Help Center/ High-Tech/ Deploy a Scalable HPC Cluster with Slurm/ Procedure/ Getting Started

Updated on 2024-04-19 GMT+08:00

View PDF

Getting Started

This section describes the basic usage of Slurm. For the detailed usage, see Slurm Documentation.

By default, all service ports involved in this solution are accessible within the same subnet. You can modify the security group rules if needed. The following Slurm service ports are involved:

6817: port on the service plane for communicating with Slurm on the scheduling node
6818: port on the service plane for communicating with Slurm on compute nodes

By default, the Slurm version 22.05.3 and the Java version jdk1.8.0_202 are used in this solution.
By default, a cluster named cluster has been created in Slurm.

(Optional) Modifying Security Groups

A security group is a collection of access control rules to control traffic to and from cloud resources, such as cloud servers, containers, and databases.

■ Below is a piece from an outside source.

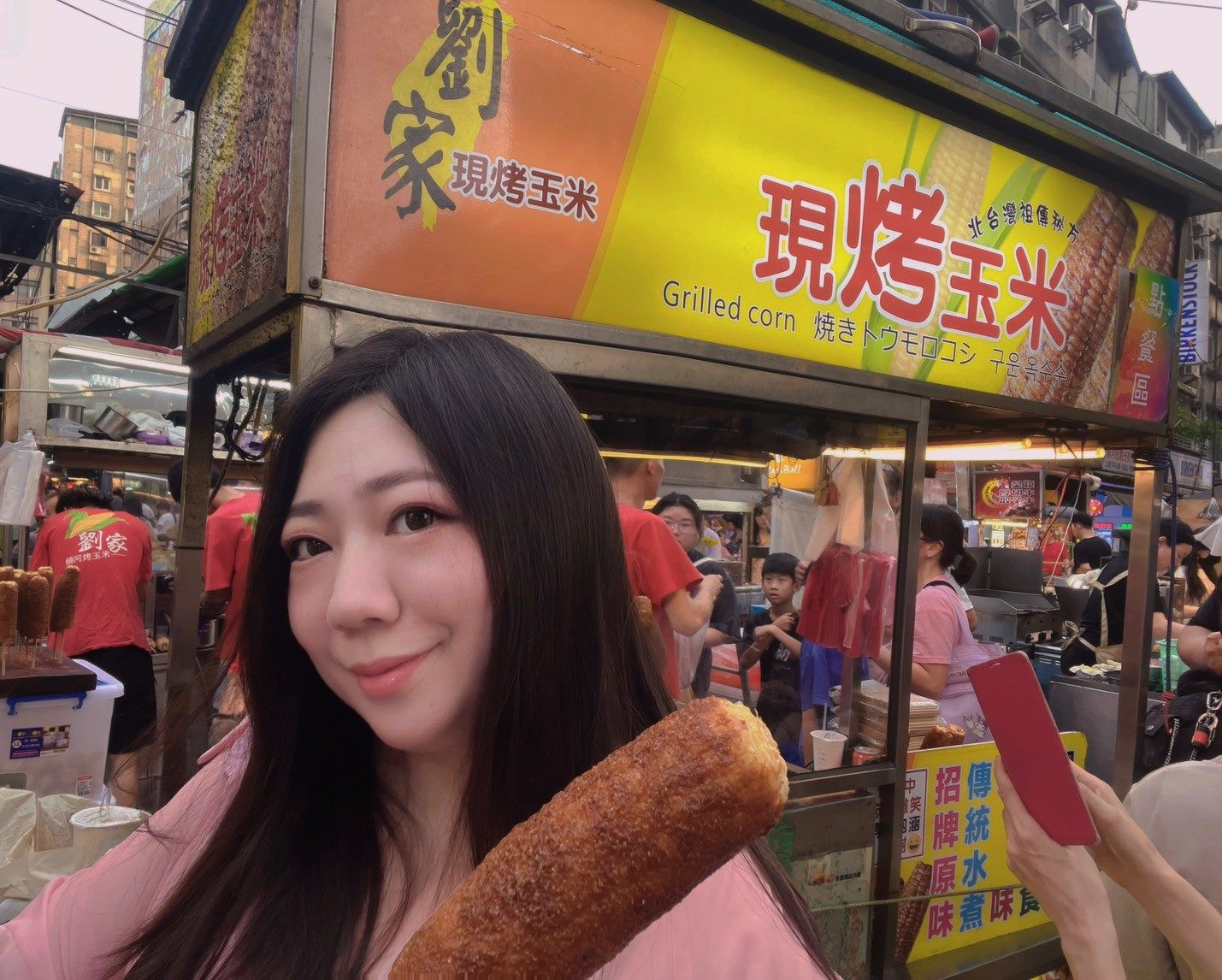 英文名師幸恩帶路不踩雷　饒河夜市3家必吃美食曝光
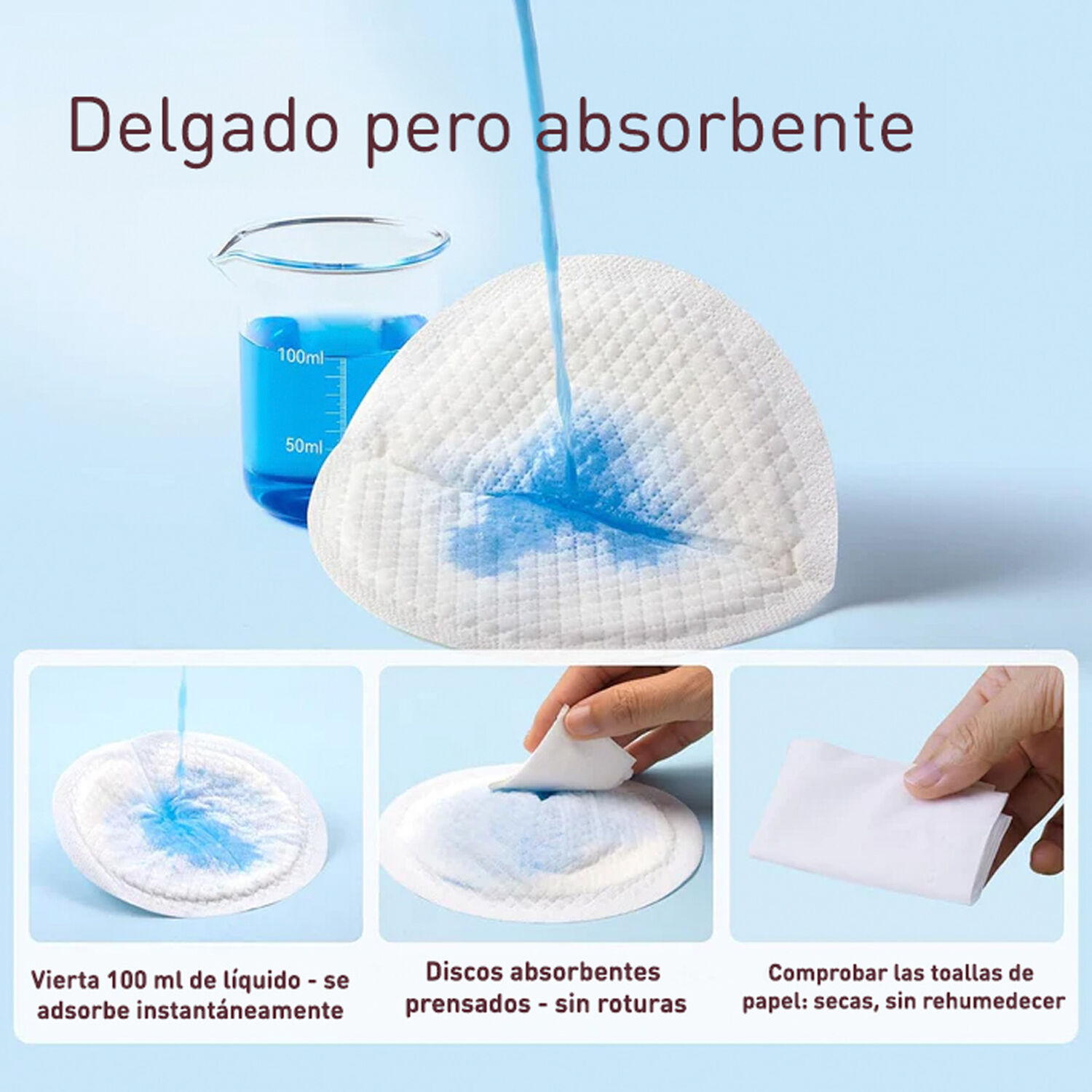 Pads Absorbentes De Lactancia Ultra Delgados 120 Uds image number 2.0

Cloud resources associated with the same security group have the same security requirements and are mutually trusted within a VPC.

You can modify security group rules, for example, by adding, modifying, or deleting a TCP port, as follows:

Adding a security group rule: Add an inbound rule and enable a TCP port if needed.
Modifying a security group rule: Inappropriate security group settings may cause serious security risks. You can modify a security group rule to ensure network security of your ECSs.
Deleting a security group rule: If the source or destination IP address of an inbound or outbound security group rule changes, or a port does not need to be enabled, you can delete the security group rule.

Checking Node Status

Check the Slurm status on the scheduling node. Specifically, run the systemctl status munge and systemctl status slurmctld commands to check whether Munge and Slurmctld are running properly.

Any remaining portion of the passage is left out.